One remedy would be for China to revalue its currency, reducing the competitiveness of its exports. American presidents have urged this for years. The Chinese acknowledge that they need stronger domestic spending but seem willing to let the renminbi (RMB) appreciate only if it doesn't really hurt their exports. Thus, the appreciation of about 20 percent permitted from mid-2005 to mid-2008 was largely offset by higher productivity (a.k.a. more efficiency) that lowered costs. China halted even this when the global economy crashed and has only recently permitted the currency to rise. In practice, however, the renminbi has barely budged.
How much China's currency is undervalued and how many U.S. jobs have been lost are unclear. The Peterson Institute for International Economics, a research group, says a revaluation of 20 percent would create 300,000 to 700,000 U.S. jobs over two to three years. Economist Robert Scott of the liberal Economic Policy Institute estimates that trade with China has cost 3.5 million jobs. This may be high, because it assumes that imports from China displace U.S. production when many may displace imports from other countries. But all estimates are large, though well short of the recession's total employment decline of 8.4 million.
If China won't revalue, the alternative is retaliation. This might start a trade war, because China might respond in kind, perhaps buying fewer Boeings and more Airbuses and substituting Brazilian soybeans for American. One proposal by Reps. Tim Ryan (D-Ohio) and Tim Murphy (R-Pa.) would classify currency manipulation -- which China clearly practices -- as an export subsidy eligible for "countervailing duties" (tariffs offsetting the subsidy). This makes economic sense but might be ruled illegal by the World Trade Organization. A House committee approved this approach last week; the full House could pass it this week. Ideally, congressional action would persuade China to negotiate a significant currency revaluation.
Less ideal and more realistic would be a replay of Smoot-Hawley, just when the wobbly world economy doesn't need a fight between its two largest members. Economic nationalism, once unleashed here and there, might prove hard to control. But there's a big difference between then and now. Smoot-Hawley was blatantly protectionist. Dozens of tariffs increased; many countries retaliated. By contrast, American action today would aim at curbing Chinese protectionism.
The post-World War II trading system was built on the principle of mutual advantage, and that principle -- though often compromised -- has endured.
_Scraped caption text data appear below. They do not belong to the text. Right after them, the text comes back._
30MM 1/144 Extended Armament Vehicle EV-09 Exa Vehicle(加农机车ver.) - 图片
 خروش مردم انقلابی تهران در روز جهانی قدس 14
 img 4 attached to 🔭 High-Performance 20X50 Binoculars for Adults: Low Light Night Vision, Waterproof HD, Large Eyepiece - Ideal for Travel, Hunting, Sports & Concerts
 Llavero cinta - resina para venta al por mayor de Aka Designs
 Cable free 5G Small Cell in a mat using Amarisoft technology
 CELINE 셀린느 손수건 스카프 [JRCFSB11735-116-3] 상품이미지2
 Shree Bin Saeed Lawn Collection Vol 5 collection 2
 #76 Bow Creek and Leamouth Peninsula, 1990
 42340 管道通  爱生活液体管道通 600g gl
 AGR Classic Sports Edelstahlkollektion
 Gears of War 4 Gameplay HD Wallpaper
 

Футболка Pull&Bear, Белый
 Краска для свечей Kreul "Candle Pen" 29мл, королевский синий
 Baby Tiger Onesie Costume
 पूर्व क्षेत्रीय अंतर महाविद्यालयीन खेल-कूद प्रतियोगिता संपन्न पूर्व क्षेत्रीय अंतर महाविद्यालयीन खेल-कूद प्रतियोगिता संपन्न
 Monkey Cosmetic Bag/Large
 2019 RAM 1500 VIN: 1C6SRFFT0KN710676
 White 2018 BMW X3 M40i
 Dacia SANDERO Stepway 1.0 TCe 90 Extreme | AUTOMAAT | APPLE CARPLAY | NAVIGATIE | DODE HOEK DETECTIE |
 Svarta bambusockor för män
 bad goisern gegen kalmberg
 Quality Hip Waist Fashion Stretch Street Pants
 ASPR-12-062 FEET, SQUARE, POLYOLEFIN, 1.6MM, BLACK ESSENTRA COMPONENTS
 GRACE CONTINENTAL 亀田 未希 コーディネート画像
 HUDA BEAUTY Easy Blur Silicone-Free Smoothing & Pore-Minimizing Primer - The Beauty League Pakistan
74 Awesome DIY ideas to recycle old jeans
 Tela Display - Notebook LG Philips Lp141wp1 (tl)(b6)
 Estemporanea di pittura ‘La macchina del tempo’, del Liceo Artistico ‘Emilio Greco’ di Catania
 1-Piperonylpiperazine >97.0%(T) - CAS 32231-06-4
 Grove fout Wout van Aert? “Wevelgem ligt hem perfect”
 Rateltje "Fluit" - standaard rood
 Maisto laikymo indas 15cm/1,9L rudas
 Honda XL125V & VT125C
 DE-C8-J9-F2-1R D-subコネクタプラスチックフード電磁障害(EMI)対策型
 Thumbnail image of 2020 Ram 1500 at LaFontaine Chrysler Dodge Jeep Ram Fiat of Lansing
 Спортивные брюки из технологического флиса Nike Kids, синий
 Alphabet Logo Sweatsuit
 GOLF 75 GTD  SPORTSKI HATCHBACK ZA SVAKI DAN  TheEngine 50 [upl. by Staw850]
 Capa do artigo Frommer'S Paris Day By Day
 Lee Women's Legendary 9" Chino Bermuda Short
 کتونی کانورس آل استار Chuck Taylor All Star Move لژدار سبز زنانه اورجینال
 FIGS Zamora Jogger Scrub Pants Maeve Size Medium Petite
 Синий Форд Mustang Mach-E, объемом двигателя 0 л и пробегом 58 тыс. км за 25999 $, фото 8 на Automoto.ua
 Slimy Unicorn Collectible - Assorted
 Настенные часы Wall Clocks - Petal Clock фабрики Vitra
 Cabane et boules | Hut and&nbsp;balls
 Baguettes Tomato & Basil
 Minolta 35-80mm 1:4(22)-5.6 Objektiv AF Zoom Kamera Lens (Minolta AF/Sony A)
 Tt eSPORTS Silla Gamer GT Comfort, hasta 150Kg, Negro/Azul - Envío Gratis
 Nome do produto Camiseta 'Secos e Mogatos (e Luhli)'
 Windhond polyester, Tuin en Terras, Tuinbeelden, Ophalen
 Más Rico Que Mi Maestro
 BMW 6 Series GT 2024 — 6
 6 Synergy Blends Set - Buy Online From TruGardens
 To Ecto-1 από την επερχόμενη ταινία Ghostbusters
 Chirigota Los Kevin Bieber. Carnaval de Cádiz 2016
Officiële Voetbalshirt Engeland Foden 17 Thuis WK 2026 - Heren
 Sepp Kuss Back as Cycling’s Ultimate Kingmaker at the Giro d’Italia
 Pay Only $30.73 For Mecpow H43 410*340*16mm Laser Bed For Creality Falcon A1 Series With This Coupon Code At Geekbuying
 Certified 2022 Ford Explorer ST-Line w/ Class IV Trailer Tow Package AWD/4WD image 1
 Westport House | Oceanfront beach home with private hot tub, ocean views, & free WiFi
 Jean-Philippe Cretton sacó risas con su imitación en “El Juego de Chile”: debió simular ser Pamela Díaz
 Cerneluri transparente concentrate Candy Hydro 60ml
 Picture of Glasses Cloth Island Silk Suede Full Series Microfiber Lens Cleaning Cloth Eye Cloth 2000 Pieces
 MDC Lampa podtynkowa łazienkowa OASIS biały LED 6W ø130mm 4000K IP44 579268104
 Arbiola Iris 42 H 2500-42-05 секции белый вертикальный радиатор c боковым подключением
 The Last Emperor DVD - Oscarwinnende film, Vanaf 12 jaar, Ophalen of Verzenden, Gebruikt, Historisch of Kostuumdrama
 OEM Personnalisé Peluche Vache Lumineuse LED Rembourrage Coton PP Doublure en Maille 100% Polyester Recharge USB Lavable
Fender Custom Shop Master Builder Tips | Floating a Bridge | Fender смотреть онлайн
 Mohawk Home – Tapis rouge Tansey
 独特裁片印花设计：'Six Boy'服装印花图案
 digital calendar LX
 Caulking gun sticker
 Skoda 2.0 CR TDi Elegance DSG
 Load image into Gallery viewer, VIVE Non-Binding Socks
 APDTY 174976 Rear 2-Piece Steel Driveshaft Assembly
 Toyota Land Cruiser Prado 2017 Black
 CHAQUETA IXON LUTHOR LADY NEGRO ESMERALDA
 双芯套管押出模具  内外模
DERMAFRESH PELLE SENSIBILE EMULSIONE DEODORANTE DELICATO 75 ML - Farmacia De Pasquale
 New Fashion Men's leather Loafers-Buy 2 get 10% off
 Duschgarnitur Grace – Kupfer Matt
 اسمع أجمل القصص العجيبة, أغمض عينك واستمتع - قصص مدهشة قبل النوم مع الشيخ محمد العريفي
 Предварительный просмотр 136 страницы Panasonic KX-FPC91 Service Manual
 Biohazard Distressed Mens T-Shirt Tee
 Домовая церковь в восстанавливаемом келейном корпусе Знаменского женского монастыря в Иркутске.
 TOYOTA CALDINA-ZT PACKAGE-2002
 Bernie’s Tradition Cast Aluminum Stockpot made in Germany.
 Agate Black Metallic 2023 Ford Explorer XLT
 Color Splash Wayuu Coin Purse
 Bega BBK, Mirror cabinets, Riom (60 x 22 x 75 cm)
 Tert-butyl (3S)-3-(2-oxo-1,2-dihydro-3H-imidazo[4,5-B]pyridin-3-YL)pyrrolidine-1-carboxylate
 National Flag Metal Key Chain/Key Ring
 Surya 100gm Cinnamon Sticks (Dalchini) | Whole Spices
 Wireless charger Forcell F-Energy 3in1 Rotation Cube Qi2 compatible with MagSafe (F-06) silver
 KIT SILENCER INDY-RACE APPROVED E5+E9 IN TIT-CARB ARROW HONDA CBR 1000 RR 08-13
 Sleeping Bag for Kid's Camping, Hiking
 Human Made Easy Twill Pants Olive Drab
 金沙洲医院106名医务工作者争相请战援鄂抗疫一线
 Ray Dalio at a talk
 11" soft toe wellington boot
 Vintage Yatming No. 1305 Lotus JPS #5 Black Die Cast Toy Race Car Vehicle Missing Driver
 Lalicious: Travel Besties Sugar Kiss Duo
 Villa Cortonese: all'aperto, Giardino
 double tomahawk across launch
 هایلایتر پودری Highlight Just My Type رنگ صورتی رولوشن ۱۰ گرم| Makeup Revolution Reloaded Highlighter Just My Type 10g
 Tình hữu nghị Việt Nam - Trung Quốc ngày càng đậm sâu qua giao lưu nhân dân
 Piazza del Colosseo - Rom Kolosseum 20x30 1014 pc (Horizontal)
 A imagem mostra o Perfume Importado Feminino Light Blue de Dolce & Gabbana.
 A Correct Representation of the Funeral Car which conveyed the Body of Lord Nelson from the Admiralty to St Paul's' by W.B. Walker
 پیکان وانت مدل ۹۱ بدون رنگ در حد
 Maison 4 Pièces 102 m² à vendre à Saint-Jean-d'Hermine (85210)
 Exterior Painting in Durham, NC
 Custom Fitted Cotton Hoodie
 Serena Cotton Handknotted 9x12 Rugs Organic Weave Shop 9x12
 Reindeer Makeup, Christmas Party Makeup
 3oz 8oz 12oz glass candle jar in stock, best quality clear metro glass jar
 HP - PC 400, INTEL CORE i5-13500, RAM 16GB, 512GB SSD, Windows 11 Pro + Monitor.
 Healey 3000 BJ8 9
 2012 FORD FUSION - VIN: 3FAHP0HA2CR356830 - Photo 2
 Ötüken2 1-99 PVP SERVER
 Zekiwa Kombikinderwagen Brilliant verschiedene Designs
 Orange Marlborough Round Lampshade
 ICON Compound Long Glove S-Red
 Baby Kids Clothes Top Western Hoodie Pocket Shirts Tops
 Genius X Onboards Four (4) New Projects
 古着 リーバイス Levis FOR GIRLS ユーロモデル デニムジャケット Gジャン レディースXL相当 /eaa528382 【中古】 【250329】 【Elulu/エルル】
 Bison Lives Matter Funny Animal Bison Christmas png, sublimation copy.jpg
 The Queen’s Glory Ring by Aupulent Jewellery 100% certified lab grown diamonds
China wants a trading system subordinated to its needs: ample export markets to support the jobs necessary to keep the Communist Party in power; captive sources for oil, foodstuffs and other essential raw materials; and technological superiority. Other countries win or lose depending on how well they serve China's interests.
The collision is between two concepts of the world order. As the old order's main architect and guardian, the United States faces a dreadful choice: resist Chinese ambitions and risk a trade war in which everyone loses; or do nothing and let China remake the trading system. The first would be dangerous; the second, potentially disastrous.